Regular expressions (often shortened to "regex") often look like gibberish to people who aren't used to them. Even for experienced regular expression users, something like this example from MyComponent's Lexicon Helper code is difficult to parse (it should be a single line):

'#function getLanguageTopics\(\)\s*\{\s*return\s
*array\([\'\"]([^\"\']+)[\"\']\)#';

There are much more complex regular expressions. For example, here's the RFC 5322 Official Standard for validating an email address:

(?:[a-z0-9!#$%&'*+/=?^_`{|}~-]+(?:\.[a-z0-9!#$%&'*+/=?^
_`{|}~-]+)*|"(?:[\x01-\x08\x0b\x0c\x0e-\x1f\x21\x23-\x5b
\x5d-\x7f]|\\[\x01-\x09\x0b\x0c\x0e-\x7f])*")@(?:
(?:[a-z0-9](?:[a-z0-9-]*[a-z0-9])?\.)+[a-z0-9](?:
[a-z0-9-]*[a-z0-9])?|\[(?:(?:25[0-5]|2[0-4][0-9]|[01]?
[0-9][0-9]?)\.){3}(?:25[0-5]|2[0-4][0-9]|[01]?[0-9]
[0-9]?|[a-z0-9-]*[a-z0-9]:(?:[\x01-\x08\x0b\x0c\x0e-\x1f
\x21-\x5a\x53-\x7f]|\\[\x01-\x09\x0b\x0c\x0e-\x7f])+)\])
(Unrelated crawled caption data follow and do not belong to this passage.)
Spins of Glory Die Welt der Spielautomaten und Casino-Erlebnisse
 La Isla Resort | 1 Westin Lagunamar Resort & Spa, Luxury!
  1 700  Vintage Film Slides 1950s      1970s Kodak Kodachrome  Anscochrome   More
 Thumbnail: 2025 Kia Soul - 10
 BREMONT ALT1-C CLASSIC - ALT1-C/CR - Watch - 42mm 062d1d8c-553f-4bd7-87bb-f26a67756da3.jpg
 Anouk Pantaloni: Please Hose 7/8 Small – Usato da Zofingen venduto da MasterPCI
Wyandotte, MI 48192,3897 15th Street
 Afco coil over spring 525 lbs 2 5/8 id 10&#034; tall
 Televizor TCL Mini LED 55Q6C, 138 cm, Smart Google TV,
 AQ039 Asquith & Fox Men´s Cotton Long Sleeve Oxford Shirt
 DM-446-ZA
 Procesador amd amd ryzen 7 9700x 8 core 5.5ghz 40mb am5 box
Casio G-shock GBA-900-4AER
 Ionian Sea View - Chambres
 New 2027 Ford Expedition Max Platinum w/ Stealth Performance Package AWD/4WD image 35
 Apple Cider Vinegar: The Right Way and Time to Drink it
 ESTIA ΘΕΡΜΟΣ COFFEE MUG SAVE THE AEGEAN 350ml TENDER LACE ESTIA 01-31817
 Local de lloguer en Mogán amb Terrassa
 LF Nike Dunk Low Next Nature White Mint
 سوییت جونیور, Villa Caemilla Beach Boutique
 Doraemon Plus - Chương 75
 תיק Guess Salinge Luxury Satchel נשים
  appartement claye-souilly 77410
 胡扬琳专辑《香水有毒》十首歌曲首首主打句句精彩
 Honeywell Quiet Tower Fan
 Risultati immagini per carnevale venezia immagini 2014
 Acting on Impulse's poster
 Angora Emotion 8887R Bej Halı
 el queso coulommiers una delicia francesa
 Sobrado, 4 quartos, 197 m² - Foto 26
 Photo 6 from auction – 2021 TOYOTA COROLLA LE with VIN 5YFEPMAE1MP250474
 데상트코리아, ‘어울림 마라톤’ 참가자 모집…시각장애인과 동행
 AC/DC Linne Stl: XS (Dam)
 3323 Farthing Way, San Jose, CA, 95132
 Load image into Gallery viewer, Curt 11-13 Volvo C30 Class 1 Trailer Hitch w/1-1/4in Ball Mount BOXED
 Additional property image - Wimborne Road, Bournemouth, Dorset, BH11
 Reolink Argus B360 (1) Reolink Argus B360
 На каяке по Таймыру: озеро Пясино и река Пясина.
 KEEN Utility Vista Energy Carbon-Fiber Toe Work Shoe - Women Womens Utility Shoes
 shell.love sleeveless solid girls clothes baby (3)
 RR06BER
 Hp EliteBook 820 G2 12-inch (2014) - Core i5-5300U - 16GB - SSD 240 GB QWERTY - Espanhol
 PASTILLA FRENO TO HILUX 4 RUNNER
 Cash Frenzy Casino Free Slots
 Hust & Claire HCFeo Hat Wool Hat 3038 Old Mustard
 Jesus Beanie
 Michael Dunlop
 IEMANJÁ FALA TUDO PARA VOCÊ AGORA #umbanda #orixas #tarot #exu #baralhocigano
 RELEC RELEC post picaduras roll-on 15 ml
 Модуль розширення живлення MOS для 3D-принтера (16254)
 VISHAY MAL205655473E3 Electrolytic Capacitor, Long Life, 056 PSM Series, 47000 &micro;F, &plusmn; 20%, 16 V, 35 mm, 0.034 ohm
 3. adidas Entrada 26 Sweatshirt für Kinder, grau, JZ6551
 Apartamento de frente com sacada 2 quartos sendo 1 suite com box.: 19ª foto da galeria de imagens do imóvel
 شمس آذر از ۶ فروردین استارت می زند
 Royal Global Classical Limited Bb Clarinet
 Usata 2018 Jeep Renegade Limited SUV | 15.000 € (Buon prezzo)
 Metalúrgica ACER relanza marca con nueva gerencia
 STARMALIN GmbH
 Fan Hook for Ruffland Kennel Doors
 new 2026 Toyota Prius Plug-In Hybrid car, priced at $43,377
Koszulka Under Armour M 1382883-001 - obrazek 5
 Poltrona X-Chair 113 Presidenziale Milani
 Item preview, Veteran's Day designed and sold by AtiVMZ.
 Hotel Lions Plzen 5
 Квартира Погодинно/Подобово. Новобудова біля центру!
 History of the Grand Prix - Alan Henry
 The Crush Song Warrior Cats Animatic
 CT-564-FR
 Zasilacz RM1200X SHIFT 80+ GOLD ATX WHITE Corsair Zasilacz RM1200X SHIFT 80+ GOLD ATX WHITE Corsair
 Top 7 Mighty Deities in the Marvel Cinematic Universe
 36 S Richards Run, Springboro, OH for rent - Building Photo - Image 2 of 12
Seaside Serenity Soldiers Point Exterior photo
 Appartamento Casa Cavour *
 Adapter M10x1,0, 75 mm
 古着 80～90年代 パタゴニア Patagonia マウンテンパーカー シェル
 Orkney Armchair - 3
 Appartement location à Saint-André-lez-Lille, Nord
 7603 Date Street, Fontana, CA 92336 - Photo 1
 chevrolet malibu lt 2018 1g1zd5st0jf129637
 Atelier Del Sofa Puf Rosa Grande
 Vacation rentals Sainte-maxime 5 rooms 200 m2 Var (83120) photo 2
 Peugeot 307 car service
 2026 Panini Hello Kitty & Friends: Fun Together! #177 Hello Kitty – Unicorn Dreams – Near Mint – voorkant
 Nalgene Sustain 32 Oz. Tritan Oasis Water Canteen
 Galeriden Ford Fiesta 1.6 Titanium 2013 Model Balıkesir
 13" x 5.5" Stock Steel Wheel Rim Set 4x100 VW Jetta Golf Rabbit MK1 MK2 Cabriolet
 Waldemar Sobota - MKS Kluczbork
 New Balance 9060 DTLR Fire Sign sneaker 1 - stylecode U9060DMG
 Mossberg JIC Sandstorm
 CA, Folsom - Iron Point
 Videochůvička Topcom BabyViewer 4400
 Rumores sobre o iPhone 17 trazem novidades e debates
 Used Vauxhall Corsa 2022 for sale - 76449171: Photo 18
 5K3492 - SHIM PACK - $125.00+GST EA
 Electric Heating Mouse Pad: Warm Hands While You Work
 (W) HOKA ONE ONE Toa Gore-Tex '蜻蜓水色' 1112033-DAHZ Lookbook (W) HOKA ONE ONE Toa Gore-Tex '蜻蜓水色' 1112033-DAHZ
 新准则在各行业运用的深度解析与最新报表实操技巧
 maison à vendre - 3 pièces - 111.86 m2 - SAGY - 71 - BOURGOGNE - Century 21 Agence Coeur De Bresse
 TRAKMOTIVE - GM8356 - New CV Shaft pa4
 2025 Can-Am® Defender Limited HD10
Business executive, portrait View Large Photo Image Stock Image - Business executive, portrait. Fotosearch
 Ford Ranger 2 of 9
(If you need to paste the code above, remove the line breaks to put it all on one line.)

Luckily, the regular expressions used in .htaccess rewrite conditions and rules tend to be fairly simple. In fact, so are the ones people actually use to validate email addresses. Here's a fairly simple regex that will allow most valid emails and catch most typos in an email address:

^[A-Za-z0-9._+\-\']+@[A-Za-z0-9.\-]+\.[A-Za-z]{2,}$

We'll revisit this one later in the article.

If you're curious about the history of regular expressions, check out this section of the Wikipedia Regular Expression page.

This article will definitely not give an exhaustive explanation of regular expressions. My goal is to provide enough information to understand and create rewrite conditions and rules for use in .htaccess files.


First, the Tool

PhpStorm actually has a built-in regular expression editor, but not everyone uses PhpStorm, and I actually prefer the Rubular Regular Expression Editor, (which I'll refer to as "the Rubular Editor" or just "Rubular" for short). It's also a system for testing regular expressions.

The Rubular editor gives you progressive highlighting of the match being generated. It shows the full match in a window, and any capture groups in another window. It also tries its best to tell you what's wrong when you've entered an invalid regular expression. As a bonus, is has a regular expression cheat sheet at the bottom of the screen.

I encourage you to use the Rubular Editor to play with the code in this series of articles.


Some Basics

A regular expression is really a pattern (and is often called that in both code and comments). It's job is to match some string of text. That long email validation pattern I showed you above, for example, is intended to match any possible valid email address. Some simple regular expressions contain nothing but text. In others, symbols are used to match various things.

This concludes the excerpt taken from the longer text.